Aging can also have an adverse impact on testosterone production; your testicles gradually produce less of it as you age.

An orchiectomy procedure may further lower testosterone levels.

Non-classical kinase activation pathway

A study suggests that despite the fact that classical and nonclassical kinase activation pathways are both active, the classical pathway affects only one type of cell. Inhibition of the nonclassical pathway blocks spermatogenesis in vivo.

However, the classical pathway remains functional in the body.

However, the findings of the study are still preliminary and further studies are needed to determine whether nonclassical T signaling is essential for sperm maturation and male fertility.

Testosterone activates both phosphorylated and total ERK, but not all cells in the body.

Nevertheless, the nonclassical pathway was confirmed in Sertoli cells in vivo.

Moreover, a dominant-negative form of the AR suppresses the expression of PSA-luciferase and does not affect testosterone-mediated increases in ERK phosphorylation.

Sertoli cells

While scientists have known for 70 years that testosterone is essential for male fertility, they still don't understand the exact mechanisms by which testosterone works to regulate different cells in the body.

For instance, they don't know whether Sertoli cells contain genes that are regulated by testosterone, or whether they lack the gene.

The results of these studies are still preliminary, but they will hopefully provide the intellectual resources needed to develop more effective treatments for sexual dysfunction and contraception.

While there is no conclusive answer to the question, scientists do know that men's immune systems are not as robust as women's.

This is because their bodies are unable to respond to vaccinations as well as women's. Men's blood is more prone to inflammation, while women's response is stronger. This may be due to differences in hormone levels between men and women. 

Growth hormones

Growth hormone is a protein that regulates glucose levels in the blood. It stimulates the liver to produce more glucose and suppresses the uptake of insulin.

However, it has been linked to diabetes due to its effect on the liver. There are two kinds of growth hormone receptors: one that binds outside the cell, and one that binds inside the cell.

Growth hormone binds to both sites simultaneously, resulting in direct effects on the target cells.

One of these receptors is found on fat cells, and growth hormones increase the fat cell's metabolism and suppress its ability to accumulate circulating lipids.

Earlier, growth hormone treatment lasted until the end of growth. It has also been linked to increased energy levels.

In addition, growth hormone helps reduce body fat, thereby contributing to muscle and bone development.

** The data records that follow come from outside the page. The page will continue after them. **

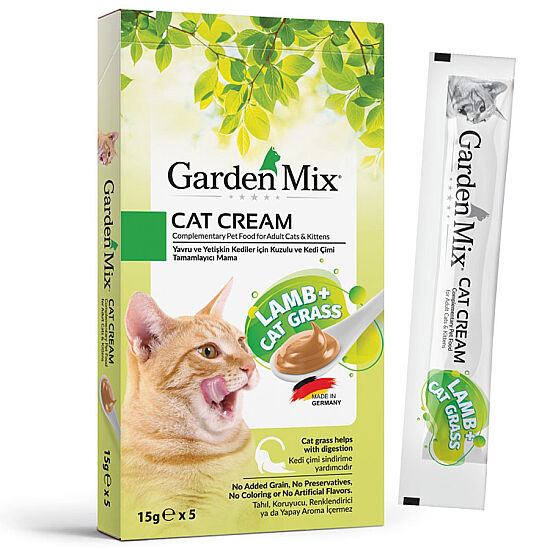 Garden Mix Kuzu Kedi Otlu Ek Besin ve Kedi Ödül Kreması (5 x 15 Gr) - 1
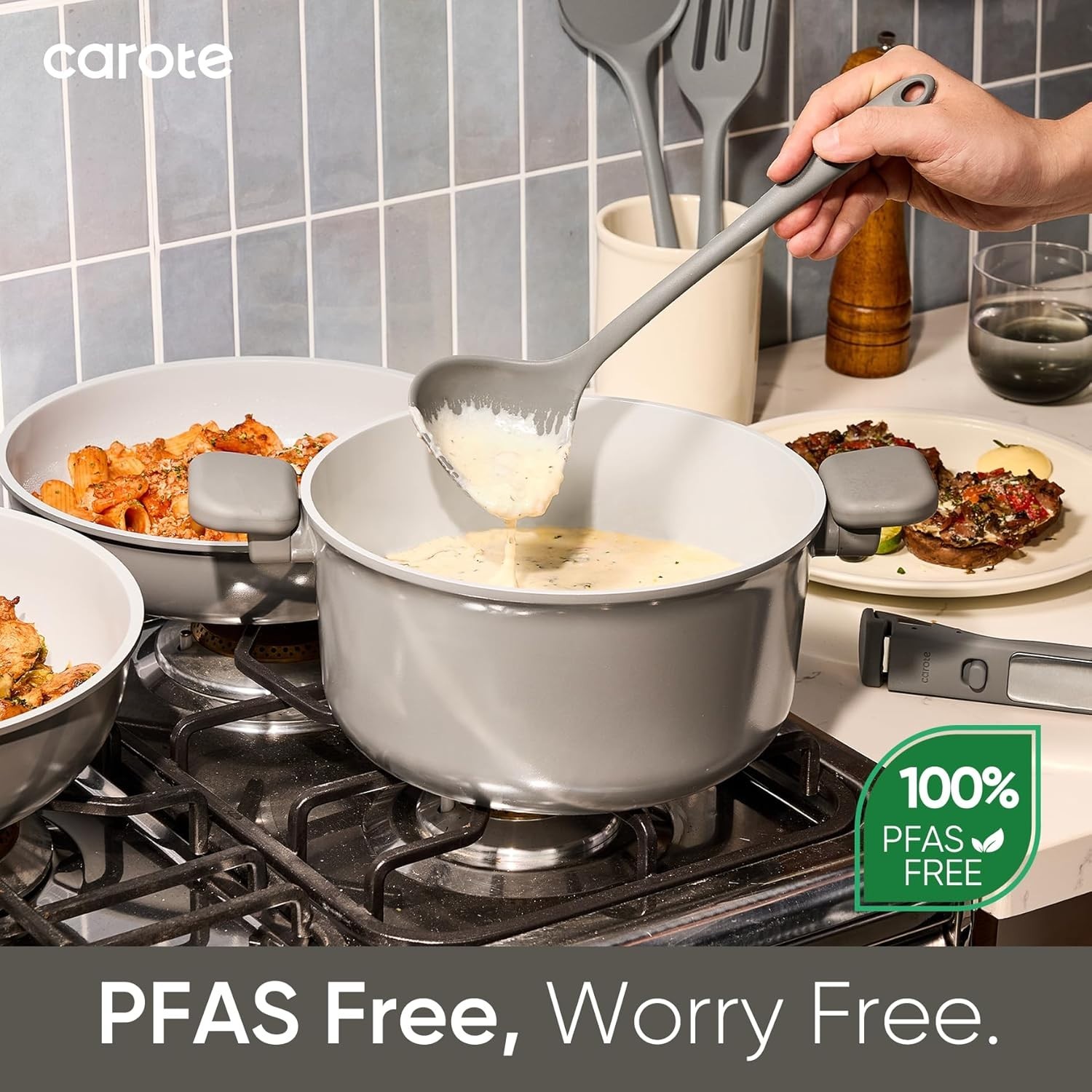 Safe & Stylish 27-Piece Ceramic Cookware Set – Dishwasher & Oven Safe, Dark Gray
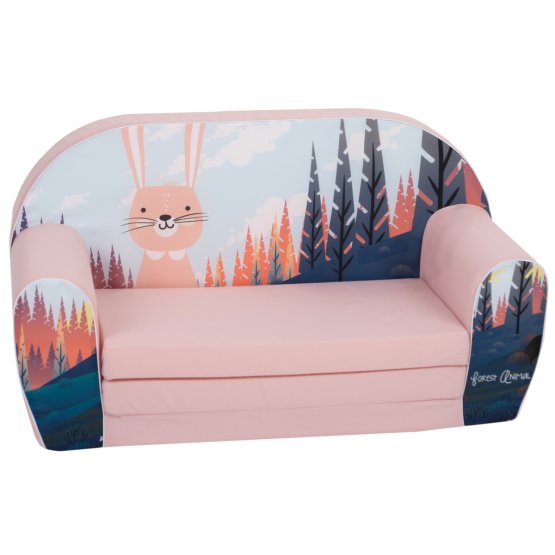 Baby sofa Hare in forest - pink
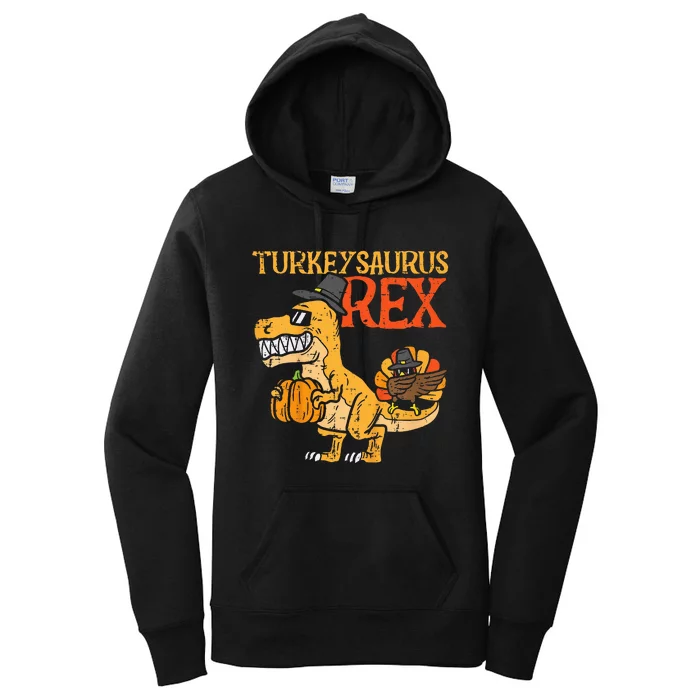 Turkeysaurus Rex Dab Turkey Dino Thanksgiving Women's Pullover Hoodie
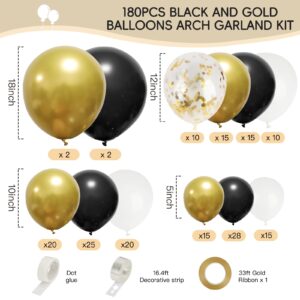 RUBFAC 180pcs Black and Gold Balloons, Balloons Garland Arch Kit 5 10 12 18 inch Black White Metallic Gold Confetti Latex Balloons for Graduation Birthday Baby Shower Wedding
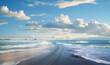 © Kamran - Serene coastal scene with gentle waves meeting sandy shoreline under bright blue sky with fluffy clouds abstract background, Perfect for vacation themes
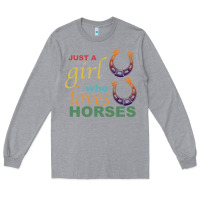Heather Grey Just a Girl Who Loves Horses Long Sleeve Tee - Bettercallsaul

Hence, some growth hormone specialists may recommend lifelong treatment for patients with growth hormone deficiency.

Growing research has shown that 30-50% of adults with growth hormone deficiency experience fatigue, even if they have a normal body weight.

Testosterone

Testosterone is a primary androgen synthesized from cholesterol and other precursors in the testicles.

Its biological action depends on its interaction with other anabolic signaling pathways. Testosterone's biological effects depend on its ligand, the IGFBP-1 receptor, and the physiological stress experienced.

In addition, the KISS1 gene encodes a peptide known as kisspeptin. Kisspeptin is a 54-amino-acid peptide that is released from neurons in the arcuate nucleus and anteroventral periventricular nucleus.

While testosterone is required for male fertility, its action is largely unknown. Only recently have molecular mechanisms for its action been identified.

Several genes regulated by testosterone, but not all of them, have been identified in Sertoli cells.

Testosterone has a direct role in regulating the process of spermatogenesis. The study of this hormone will provide intellectual resources for the development of therapies and contraceptives.

Conclusion

Androgen receptors play an essential role in controlling gene expression and modulating physiological functions in both males and females.

Interacting with hormones to induce changes in gene activity, protein production, cellular metabolism and sexual characteristics such as muscle growth or neurotransmitter activity.